Remember, you should always be looking. If you have time, do some small bit of
pro-bono work for someone, perhaps a non-profit. Add them to your CV. Solve an
interesing problem for them.

Look at companies you admire in your area, see what interests you, and come up
with a way to solve a problem they are working on. Present this to a manager
over lunch. Tell them you fancy working for them and you can bring some skills
to the table.

Like Yoda said, there is no try, there is do or do not.

FYI, I switched over to working for non-profits, and while the money isn't as
much, the jobs are more interesting to me and I have generally much more
latitude to implement what I think will work (for me, always OSS/Libre). It's
a good feeling to know you are making a difference.

------
ffpsx
You are not alone. I am in a similar situation. Best advice for learning new
platforms is to come up with something you want to build and then learn the
new framework by implementing the idea using the desired framework.

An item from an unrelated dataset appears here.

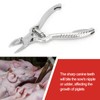 Cunyuer Piglet Teeth Cutter, 14cm Stainless Steel Pig Tooth Nipper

My plan to get out of my rut is to build my own self-sustaining startup that I
am more passionate about.

------
kotakota
Some of the points you're making dont seem to make sense. For instance you say
you dont have time to make interesting things but then say you only program
2hrs out of the day. What are you doing those other 6hrs? And what about side
projects outside of work?

Another key point that lead to crud work is a lack of experience. If your
fresh out of school most job offers you'll get will be fairly crud type work
until you've shown your able to handle more.

Education can also play a role in this. If you have a bachelor's or no degree
experience will be your best friend. If you have a master's or phd you can
generally get into some more exciting positions out of the gate.

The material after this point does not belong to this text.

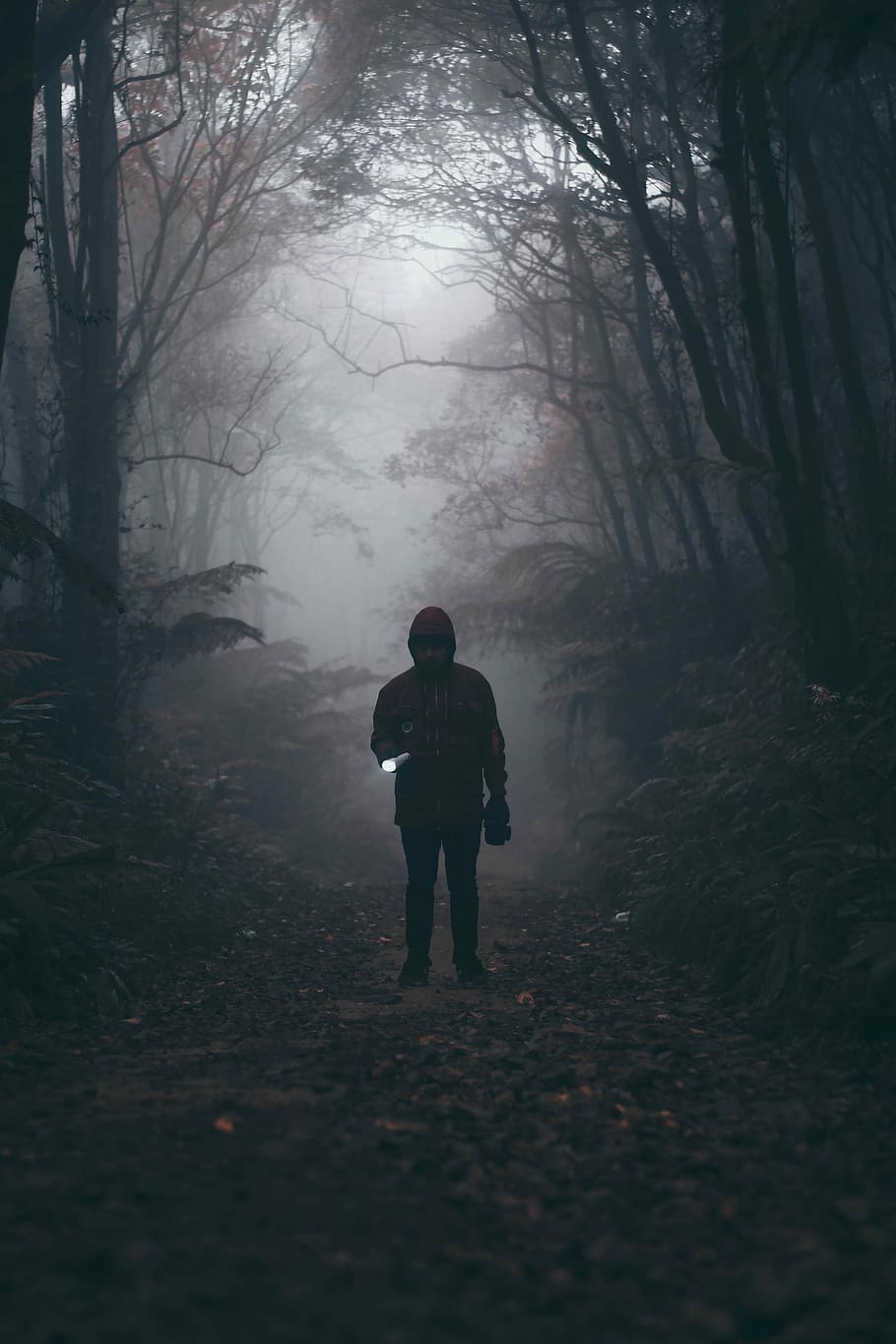 silhouette of man holding flashlight under trees, silhouette of a person in the middle of the forest HD wallpaper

Where else are you looking for work besides hn hiring / freelance threads?
Those aren't even close to the best resources for finding great jobs.

------
robbyking
I was in the same situation for more than four years. The only reason I stayed
for so long was at the time my career wasn't very important to me -- my main
focus was my band, and even though it was infuriating, my horrible job
afforded me the time and money to be able to focus on music.

When the time came for me to think about moving on, I did a few different
things. First off, I went to udemy.com and brushed up on my framework skills.
At the time I was a front end developer, so I too courses in jQuery and
Angular.js, then took a refresher course in Java. From there I started doing
volunteer development work for local non-profits so I could round out my
portfolio.

After that, my job hunt was pretty easy. All-in-all my ramp up took about 6
months or so, and it lead to me getting a job that I love.

------
cognivore
Our first world problems are such a drag.

I think you can make most any coding job fun if you do it right. Are _you_
interested in making things better? Adding CRUD? Bake in a better object layer
to the data store. Front end developer a n00b? Just out do him with some nice
Angular or jQuery on the next project. "Oh, I already added the UI stuff."

If you can't learn something just for the purpose of learning (and why are you
putting that limitation on yourself - buck up) do it on your own time and then
bring it to work. Make everyone else look bad. Make your employer happy. Then
get good at the new shiznit so you can quit and get a better job.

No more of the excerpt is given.